O.C.: La situation politique ?
Emmanuel Dupuy : Il me semble que nous sommes plutôt dans une régression politique. La conférence de Ghadamès est encore programmée et devrait aboutir à ce que les deux partis puissent s'assoir à la même table des négociations. On voit que c'est un peu compliqué. Dans le cadre d'un processus politique qui suit les recommandations onusiennes visant à créer les conditions d'un dialogue inter-libyen le maréchal Haftar avait lancé un mandat d'arrêt contre le premier ministre Fayez al Serraj. Les positions sont en train de s'éloigner radicalement.
O.C.: L'armée d'Haftar la plus forte ?
Emmanuel Dupuy : Numériquement certainement mais en terme d'aguerrissement ça reste à être confirmé.

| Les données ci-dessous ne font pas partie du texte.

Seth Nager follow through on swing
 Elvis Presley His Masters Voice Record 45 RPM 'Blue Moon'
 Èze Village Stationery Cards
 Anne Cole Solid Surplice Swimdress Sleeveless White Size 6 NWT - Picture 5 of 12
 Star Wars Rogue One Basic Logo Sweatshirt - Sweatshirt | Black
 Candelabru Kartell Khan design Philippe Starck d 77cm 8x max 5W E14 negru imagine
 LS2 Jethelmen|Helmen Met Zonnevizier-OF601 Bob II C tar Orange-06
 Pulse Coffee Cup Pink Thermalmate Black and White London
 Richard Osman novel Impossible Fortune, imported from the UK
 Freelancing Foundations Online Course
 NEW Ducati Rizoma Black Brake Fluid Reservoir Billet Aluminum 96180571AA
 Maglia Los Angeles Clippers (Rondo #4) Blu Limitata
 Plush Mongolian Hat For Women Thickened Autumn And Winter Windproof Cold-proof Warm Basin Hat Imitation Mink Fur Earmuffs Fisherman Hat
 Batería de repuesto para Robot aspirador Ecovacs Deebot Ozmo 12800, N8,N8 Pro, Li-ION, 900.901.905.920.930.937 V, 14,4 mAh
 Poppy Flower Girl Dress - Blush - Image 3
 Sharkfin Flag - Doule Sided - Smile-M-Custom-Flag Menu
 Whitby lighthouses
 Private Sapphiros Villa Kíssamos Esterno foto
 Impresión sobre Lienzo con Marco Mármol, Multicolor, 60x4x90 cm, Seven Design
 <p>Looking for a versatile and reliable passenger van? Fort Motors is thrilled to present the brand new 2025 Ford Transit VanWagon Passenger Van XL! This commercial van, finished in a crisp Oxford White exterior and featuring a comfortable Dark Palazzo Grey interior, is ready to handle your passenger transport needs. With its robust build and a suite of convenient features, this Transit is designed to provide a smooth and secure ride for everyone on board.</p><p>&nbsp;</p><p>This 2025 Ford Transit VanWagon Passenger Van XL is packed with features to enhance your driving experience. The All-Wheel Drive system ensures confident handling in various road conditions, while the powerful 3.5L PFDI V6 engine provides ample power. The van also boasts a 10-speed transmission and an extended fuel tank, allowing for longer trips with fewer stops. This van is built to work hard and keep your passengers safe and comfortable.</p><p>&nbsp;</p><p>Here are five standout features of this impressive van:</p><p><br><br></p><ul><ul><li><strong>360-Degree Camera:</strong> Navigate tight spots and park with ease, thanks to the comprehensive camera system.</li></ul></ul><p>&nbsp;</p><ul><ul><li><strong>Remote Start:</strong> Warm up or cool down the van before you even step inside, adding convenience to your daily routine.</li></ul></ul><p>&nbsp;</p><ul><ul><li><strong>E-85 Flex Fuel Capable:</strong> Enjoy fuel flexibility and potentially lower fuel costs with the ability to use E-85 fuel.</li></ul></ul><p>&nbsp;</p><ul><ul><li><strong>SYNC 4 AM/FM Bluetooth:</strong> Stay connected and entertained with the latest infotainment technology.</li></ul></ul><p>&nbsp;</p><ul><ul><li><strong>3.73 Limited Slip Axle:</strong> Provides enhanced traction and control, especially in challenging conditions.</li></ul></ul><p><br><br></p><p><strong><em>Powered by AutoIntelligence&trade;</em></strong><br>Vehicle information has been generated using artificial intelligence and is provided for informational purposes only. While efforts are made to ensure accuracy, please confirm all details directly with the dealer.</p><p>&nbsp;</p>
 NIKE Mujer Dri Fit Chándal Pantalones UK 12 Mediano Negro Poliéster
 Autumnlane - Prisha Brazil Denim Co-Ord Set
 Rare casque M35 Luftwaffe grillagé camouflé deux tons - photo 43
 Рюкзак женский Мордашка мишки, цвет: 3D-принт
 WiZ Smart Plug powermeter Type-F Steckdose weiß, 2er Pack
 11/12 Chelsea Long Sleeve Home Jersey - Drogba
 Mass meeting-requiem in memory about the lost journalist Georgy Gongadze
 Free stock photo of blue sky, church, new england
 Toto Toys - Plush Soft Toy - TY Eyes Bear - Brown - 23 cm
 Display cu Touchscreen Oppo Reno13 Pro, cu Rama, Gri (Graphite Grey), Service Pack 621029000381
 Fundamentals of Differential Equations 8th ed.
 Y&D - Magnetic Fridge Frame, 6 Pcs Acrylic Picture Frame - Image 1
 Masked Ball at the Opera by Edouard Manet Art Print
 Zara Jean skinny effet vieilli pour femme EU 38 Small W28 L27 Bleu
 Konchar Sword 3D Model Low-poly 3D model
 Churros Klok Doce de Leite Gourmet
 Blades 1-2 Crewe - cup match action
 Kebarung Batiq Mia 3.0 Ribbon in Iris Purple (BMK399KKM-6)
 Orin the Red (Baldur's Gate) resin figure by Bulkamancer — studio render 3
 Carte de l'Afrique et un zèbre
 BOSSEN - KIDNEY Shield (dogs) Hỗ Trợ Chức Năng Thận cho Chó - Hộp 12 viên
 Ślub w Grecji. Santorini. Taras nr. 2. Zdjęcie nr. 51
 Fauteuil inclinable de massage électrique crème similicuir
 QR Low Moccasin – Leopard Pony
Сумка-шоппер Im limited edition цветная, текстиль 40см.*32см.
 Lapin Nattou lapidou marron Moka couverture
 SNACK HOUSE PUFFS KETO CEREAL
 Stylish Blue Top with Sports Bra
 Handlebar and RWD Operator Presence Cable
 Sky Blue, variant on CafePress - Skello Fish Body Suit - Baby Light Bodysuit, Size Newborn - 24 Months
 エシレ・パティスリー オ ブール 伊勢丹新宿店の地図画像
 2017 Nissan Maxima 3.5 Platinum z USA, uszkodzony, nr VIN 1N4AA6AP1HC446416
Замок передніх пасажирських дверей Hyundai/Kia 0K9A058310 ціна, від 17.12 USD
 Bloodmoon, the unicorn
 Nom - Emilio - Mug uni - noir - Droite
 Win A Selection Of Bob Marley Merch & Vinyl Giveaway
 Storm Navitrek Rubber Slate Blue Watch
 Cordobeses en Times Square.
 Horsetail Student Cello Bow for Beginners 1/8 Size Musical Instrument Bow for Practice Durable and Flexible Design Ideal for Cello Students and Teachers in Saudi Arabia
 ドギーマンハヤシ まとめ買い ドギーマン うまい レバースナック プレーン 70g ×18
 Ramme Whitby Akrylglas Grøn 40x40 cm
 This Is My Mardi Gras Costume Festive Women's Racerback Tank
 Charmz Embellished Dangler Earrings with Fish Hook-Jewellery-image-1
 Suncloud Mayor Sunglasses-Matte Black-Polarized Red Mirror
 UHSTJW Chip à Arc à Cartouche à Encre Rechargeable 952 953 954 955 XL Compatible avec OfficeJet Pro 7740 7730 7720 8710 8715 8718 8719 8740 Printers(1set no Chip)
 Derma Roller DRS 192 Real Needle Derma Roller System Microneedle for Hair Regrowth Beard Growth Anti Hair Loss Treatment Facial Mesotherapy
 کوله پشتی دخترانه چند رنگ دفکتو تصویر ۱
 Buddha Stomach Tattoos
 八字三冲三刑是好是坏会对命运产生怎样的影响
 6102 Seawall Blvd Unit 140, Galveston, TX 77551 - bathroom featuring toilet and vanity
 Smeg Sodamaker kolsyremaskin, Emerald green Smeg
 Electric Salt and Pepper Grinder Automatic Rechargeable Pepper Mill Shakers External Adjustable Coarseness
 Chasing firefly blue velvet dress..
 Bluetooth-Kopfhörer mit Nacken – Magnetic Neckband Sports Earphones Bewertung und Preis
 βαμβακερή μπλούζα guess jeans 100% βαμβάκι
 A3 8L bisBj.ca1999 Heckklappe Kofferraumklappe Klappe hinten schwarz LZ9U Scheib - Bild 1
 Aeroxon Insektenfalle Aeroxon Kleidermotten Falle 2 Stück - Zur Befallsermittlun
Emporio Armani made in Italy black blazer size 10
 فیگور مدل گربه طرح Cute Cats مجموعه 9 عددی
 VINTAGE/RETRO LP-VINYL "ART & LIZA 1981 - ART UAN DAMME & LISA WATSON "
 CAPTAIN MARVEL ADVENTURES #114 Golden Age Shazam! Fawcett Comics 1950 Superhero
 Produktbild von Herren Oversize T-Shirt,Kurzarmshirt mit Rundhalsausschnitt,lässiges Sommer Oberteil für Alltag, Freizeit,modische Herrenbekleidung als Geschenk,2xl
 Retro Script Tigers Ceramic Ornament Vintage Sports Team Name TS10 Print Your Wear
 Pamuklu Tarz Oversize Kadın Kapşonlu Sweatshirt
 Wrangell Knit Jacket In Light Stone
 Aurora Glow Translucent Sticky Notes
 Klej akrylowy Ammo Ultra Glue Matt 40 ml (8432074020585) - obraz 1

Premièrement l'ensemble des structures notamment les milices qui soutiennent le GNA ont aussi de nombreux combattants. Il faut se rappeler que l'opération lancée par Haftar est une opération bicéphale puisqu'il avait lancé une opération vers le sud libyen il y a quelques semaines en direction de la frontière avec le Niger et vers la frontière avec le Soudan, des opérations qui ont mobilisé beaucoup d'hommes. Ce n'est pas son armée qui fait la différence mais le soutien des uns et des autres. Le GNA est toujours soutenu par la communauté internationale puisqu'elle est, elle-même, le produit du processus onusien de Skhirat du 17 décembre 2015 qui visait à créer une réconciliation nationale entre le GNA, les forces du maréchal Haftar et le parlement de Tobrouk, un troisième acteur trop souvent oublié qui pourrait permettre une médiation car Aguila Salah Issa est le seul officiellement élu puisque c'est lui qui est le président par interim selon la constitution libyenne. Chacun soutient son candidat.
O.C.: La situation peut s'aggraver ?
Emmanuel Dupuy : Je crains que cela s'aggrave car la question libyenne divise à tous les niveaux. La situation de la Tunisie est particulièrement inextricable avec un million et demi de Libyens venus sur son territoire par une frontière qu'elle souhaitait protéger pour éviter une pénétration de milices ou de mouvements qui pourraient prendre à défaut sa sécurité. Les Tunisiens sont très inquiets et se considèrent comme les victimes comme la Jordanie, la Turquie. On a un risque de déstabilisation de la Tunisie. On a la même chose avec l'Algérie. Les forces algériennes ont renforcé la sécurité de la frontière avec la Libye pour que la situation interne avec l'Algérie ne soit pas un prétexte à des infiltrations. Le poids de l'Algérie, qui pouvait contrebalancer l'Egypte, a disparu. Le Soudan n'a plus l'envie ou la capacité de s'occuper de ce qui se passe en Libye. Cette période aurait été tout à fait favorable à Haftar si il avait gagné Tripoli dans les heures qui ont suivi son opération. On évoque la mise en place d'un processus similaire à celui d'Astana employé en Syrie pour pacifier la Libye.